■ Exercise requirements:
Scan the listing below. Return every line containing the string "Habitat".

[[ Data records open ]]

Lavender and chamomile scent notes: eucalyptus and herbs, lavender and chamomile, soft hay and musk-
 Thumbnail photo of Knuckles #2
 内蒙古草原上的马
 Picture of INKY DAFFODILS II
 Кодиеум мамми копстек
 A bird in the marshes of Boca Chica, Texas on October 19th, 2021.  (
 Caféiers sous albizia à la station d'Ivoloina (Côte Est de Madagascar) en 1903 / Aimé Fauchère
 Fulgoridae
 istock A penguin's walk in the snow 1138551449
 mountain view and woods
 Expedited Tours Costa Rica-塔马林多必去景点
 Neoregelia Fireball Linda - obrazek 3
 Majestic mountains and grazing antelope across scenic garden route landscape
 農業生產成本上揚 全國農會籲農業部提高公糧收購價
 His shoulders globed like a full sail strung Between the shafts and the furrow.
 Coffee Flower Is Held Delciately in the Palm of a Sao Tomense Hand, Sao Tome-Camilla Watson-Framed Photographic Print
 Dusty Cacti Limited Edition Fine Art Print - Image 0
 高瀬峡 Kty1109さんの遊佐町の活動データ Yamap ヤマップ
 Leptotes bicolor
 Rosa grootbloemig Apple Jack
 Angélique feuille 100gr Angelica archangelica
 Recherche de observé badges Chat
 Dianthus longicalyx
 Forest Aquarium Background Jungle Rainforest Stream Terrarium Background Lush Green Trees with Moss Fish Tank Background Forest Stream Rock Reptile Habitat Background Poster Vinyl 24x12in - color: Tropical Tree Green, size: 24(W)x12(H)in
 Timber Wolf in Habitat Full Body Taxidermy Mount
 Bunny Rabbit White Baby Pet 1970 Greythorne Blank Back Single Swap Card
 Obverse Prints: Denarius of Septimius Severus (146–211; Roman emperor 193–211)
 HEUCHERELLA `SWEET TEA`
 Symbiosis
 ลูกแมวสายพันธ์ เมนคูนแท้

[[ Data records closed ]]

■ Solution:
 Forest Aquarium Background Jungle Rainforest Stream Terrarium Background Lush Green Trees with Moss Fish Tank Background Forest Stream Rock Reptile Habitat Background Poster Vinyl 24x12in - color: Tropical Tree Green, size: 24(W)x12(H)in
 Timber Wolf in Habitat Full Body Taxidermy Mount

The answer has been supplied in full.